Through a series of transactions expected to commence in Dec. 1998, Newcourt is expected to purchase, with certain recourse provisions, Snap-on's previously securitized installment receivables as well as those currently on Snap-on's balance sheet. For Snap-on, the sales will result in cash premiums; the recognition of the accounting gains will be determined by the timing of the transactions and the expiration of the recourse provisions.
The formation of Snap-on Credit will result in a reduction in the asset intensity of Snap-on Incorporated's balance sheet from its present level. Snap-on anticipates the transaction will be neutral with respect to its earnings in 1999.
Newcourt Credit Group is one of the world's leading sources of commercial and corporate asset-based financing with owned and managed assets of Cdn$34.4 billion (US$22.4 billion) and global capability in 26 countries.
Snap-on Incorporated is a $1.7 billion leading global developer, manufacturer and distributor of tool and equipment solutions for professional technicians, motor service shop owners, specialty repair centers, original equipment manufacturers, and industrial tool users worldwide. Product lines include hand and power tools, diagnostics and shop equipment, tool storage units, diagnostics software, and other solutions for the transportation service industry.
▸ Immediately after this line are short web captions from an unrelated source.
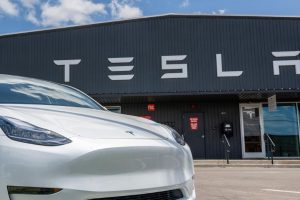 Elon Musk anuncia una nueva reducción de costos en coches Tesla
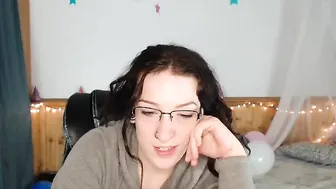 lizzyshaeelogan Exquisite skin fucks pussy through pants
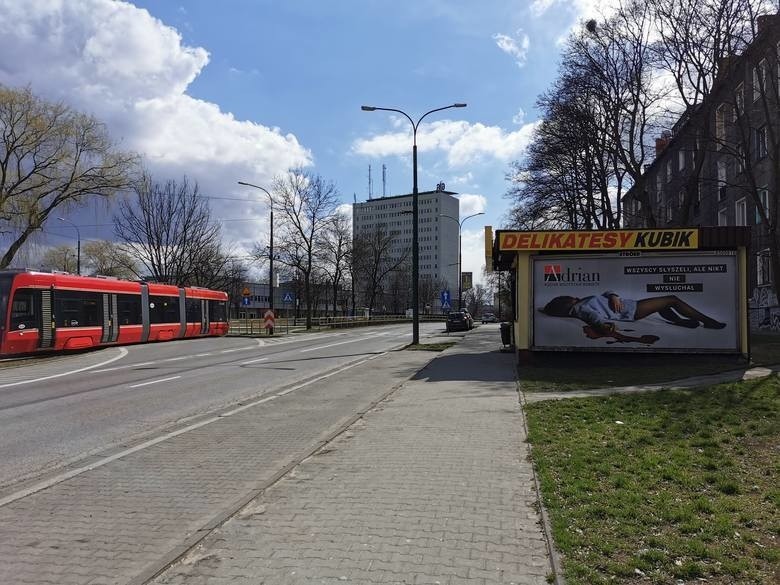 Kobieta w kałuży krwi na billboardzie. Kontrowersyjna kampania fabryki rajstop ze Zgierza 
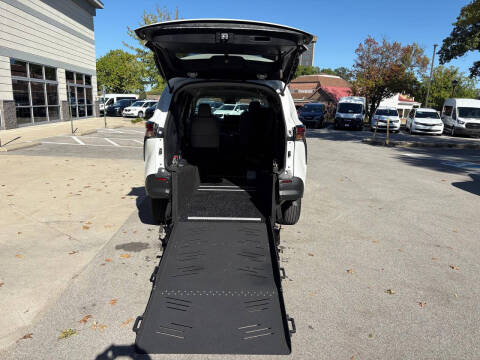 2025 Toyota Sienna LE 8-Passenger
Statements in this news release that are not historical facts, including statements (i) that include the words "believes,""expects,""anticipates," or "estimates" or words of similar importance with reference to the corporation or management; (ii) specifically identified as forward-looking, or (iii) describing the corporation's or management's future plans, objectives or goals, are forward-looking statements. The corporation or its representatives may also make similar forward-looking statements from time to time orally or in writing. The corporation cautions the reader that these statements are subject to risks, uncertainties or other factors that could cause (and in some cases have caused) actual results to differ materially from those described in any such statement. Those important factors include the corporation's ability to manufacture, distribute, and/or record the sale of products during the implementation of a new computer system involving the replacement of hardware and software components and the enterprise-wide linking of all functions; the timing or speed with which the corporation can implement the Project Simplify initiatives and the rollout of Snap-on Credit LLC without unanticipated complications: the corporation's ability to withstand external negative factors including changes in trade, monetary and fiscal policies, laws and regulations, or other activities of governments or their agencies; significant changes in the current competitive environment; inflation; currency fluctuations or the material worsening of the economic and political situation in Asia; and the achievement of productivity improvements and cost reductions. These factors may not constitute all factors that could cause actual results to differ materially from those discussed in any forward-looking statement. The corporation operates in a continually changing business environment and new factors emerge from time to time. The corporation cannot predict such factors nor can it assess the impact, if any, of such factors on the corporation or its results. Accordingly, forward-looking statements should not be relied upon as a prediction of actual results. The corporation disclaims any responsibility to update any forward-looking statement provided in this news release.